## PROBLEM DETAILS
Would you please copy only the lines from the line that contains "MietwagenCheck logo Black Friday" to the end of the data below, exactly, leaving every picture out?

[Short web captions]
******
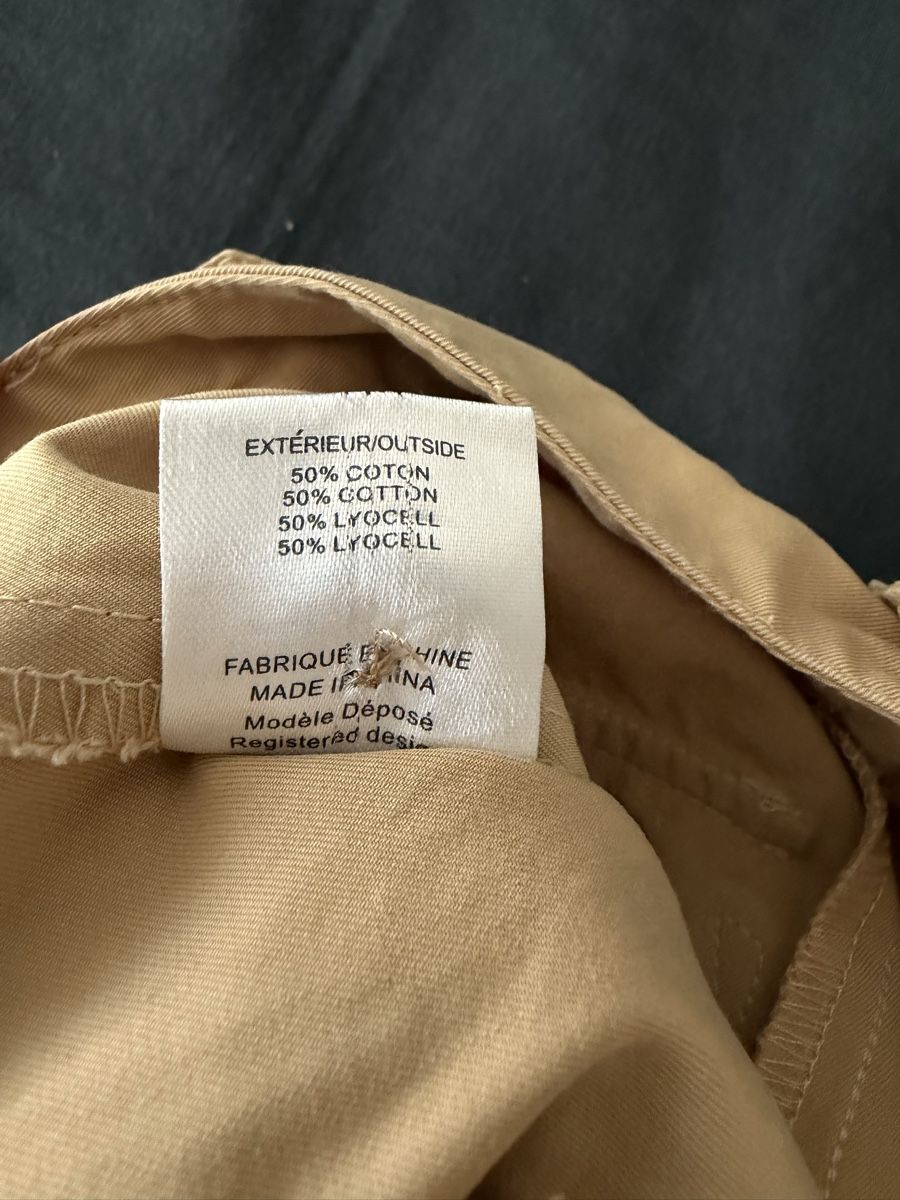 Hosen: La Petite etoile Cargohose S – Gebraucht aus Buchrain von jas_bls8 7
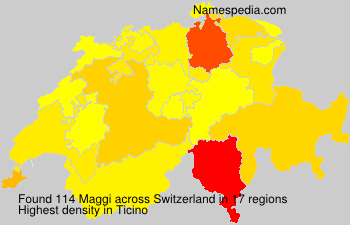 Maggi Maggi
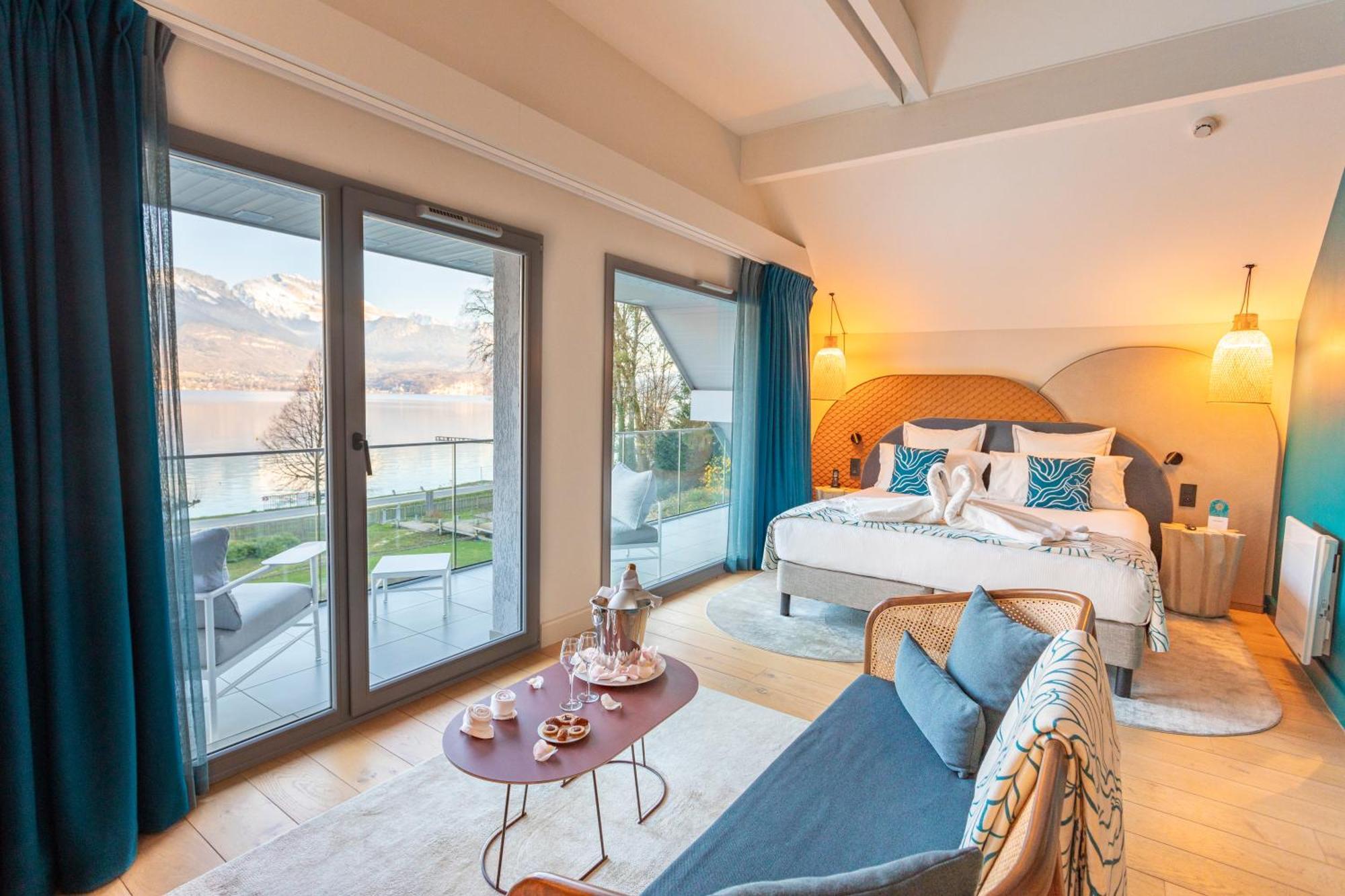 Black Bass Hotel Севрие Экстерьер фото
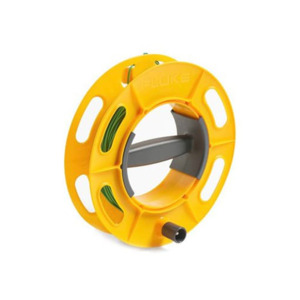 fluke cable reel 25m gr redirect to product page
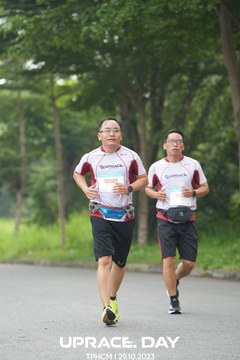 UPRACE DAY 2023 - HỒ CHÍ MINH - Ảnh #795224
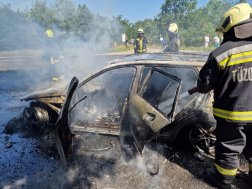 Katasztrófavédelem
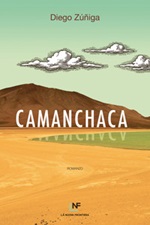 Camanchaca Ebook di  Diego Zúñiga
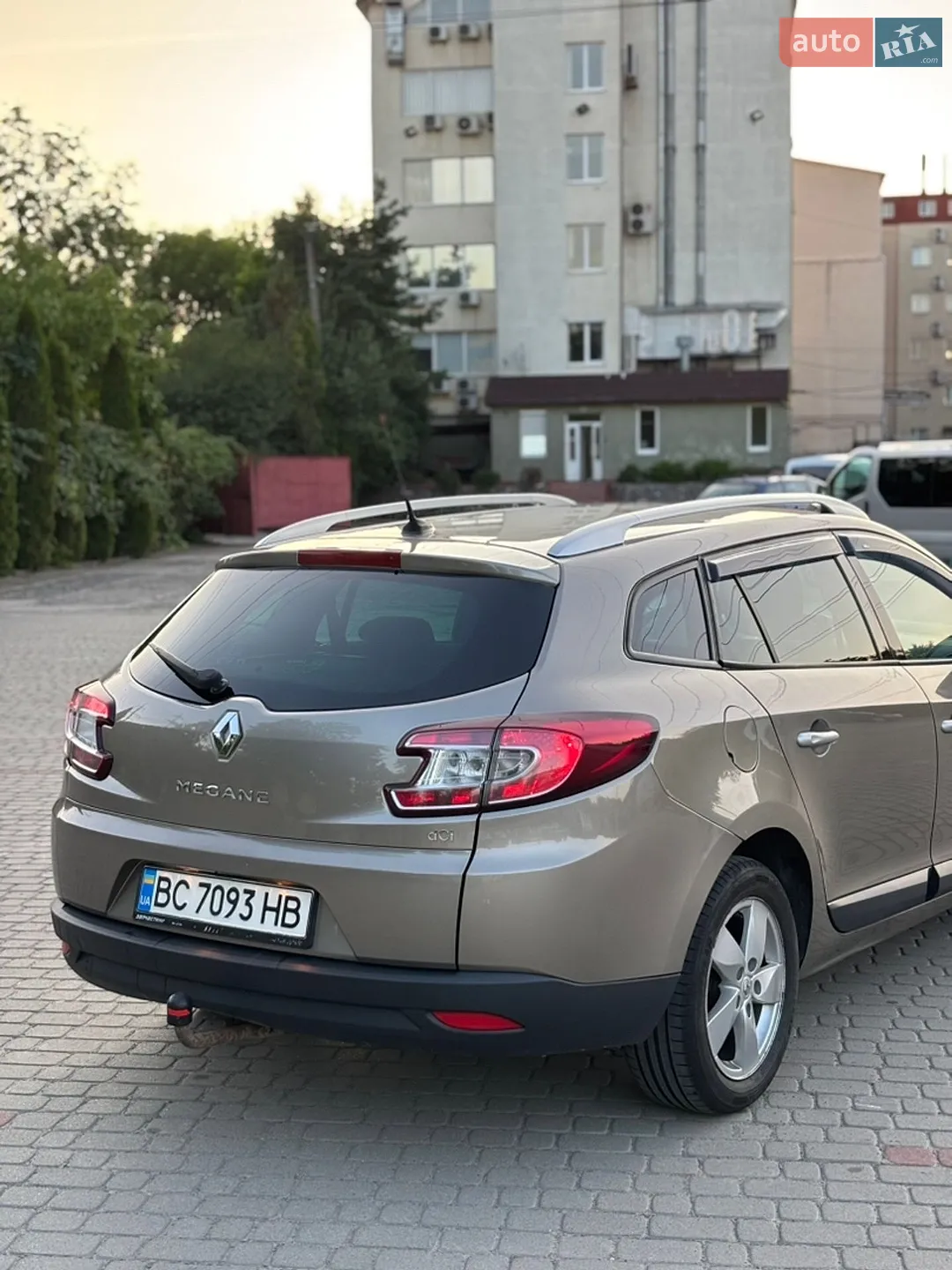 2011 Renault Megane - мініатюра 4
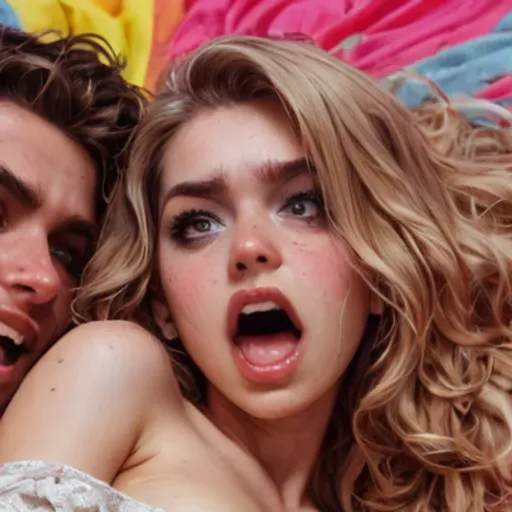 KI-Pornobildchen-Generator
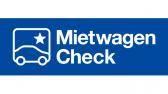 MietwagenCheck logo Black Friday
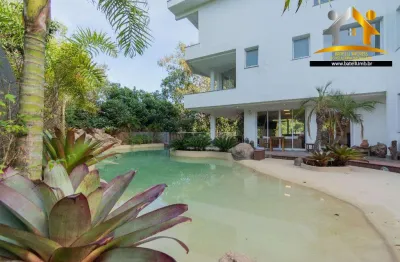 Casa à venda no condomínio Palos Verdes na Granja Viana - Batelli Imóveis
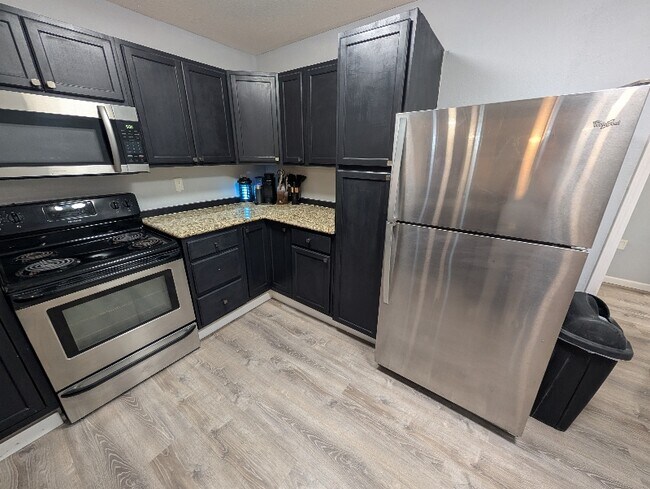 Foto del edificio - 508 N San Antonio St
******
## TASK ANSWER
 MietwagenCheck logo Black Friday
 Casa à venda no condomínio Palos Verdes na Granja Viana - Batelli Imóveis
 Foto del edificio - 508 N San Antonio St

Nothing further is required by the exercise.